Treinta
y cinco años separan al zapatero de su joven esposa. Pero mayor aún y más
aparatosa e insalvable es la separación de sus caracteres: alegre, jacarandoso,
extrovertido y locuaz el de ella (que no duda en charlar por la ventana con
cuantos pasan, aunque se murmure sobre su posible fidelidad al marido);
taciturno, medroso y suspicaz el de él (que se ha casado por consejo de su
hermana, quien lo previno contra la soledad de la vejez). De tal forma que la
casa es, de continuo, un polvorín, tanto por los roces que se generan dentro
como por las asechanzas malintencionadas que la rondan por fuera. Al final, se
produce un quiebro brusco en la acción cuando el zapatero decide marcharse,
para no seguir soportando las burlonas insinuaciones de vecinos y comadres…
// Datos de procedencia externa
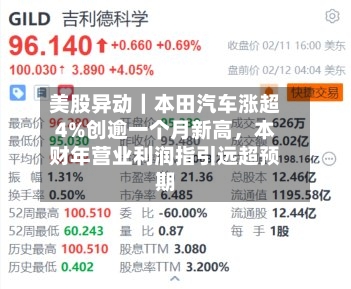 美股异动|本田汽车涨超4%创逾一个月新高,本财年营业利润指引远超预期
Cuatro meses después, un viejo titiritero llega a la localidad con sus carteles
y coplas; y la zapatera (que acaba de inaugurar una taberna para vivir y que se
mantiene fiel a su fugitivo esposo) se emociona cuando lo escucha narrar en
verso una historia de infamias, celos y navajas.
Ágil
en el dibujo de sus personajes y pizpireto a la hora de concebir la música
sencilla y popular de sus escenas, Federico García Lorca construye en La
zapatera prodigiosa una “farsa violenta” llena de ingenuidad y frescura,
pero también de interesantes análisis del temperamento humano, donde
descubrimos que bajo la aparente liviandad puede esconderse la firmeza, que
bajo los excesos casquivanos puede habitar la rectitud y que bajo la debilidad
puede camuflarse la fiereza de un lobo cuando llega el momento de defender el
cabal territorio de su vivir.
Una muestra más del talante y del talento de este granadino universal, vilmente ejecutado por las hordas fascistas en el verano de 1936.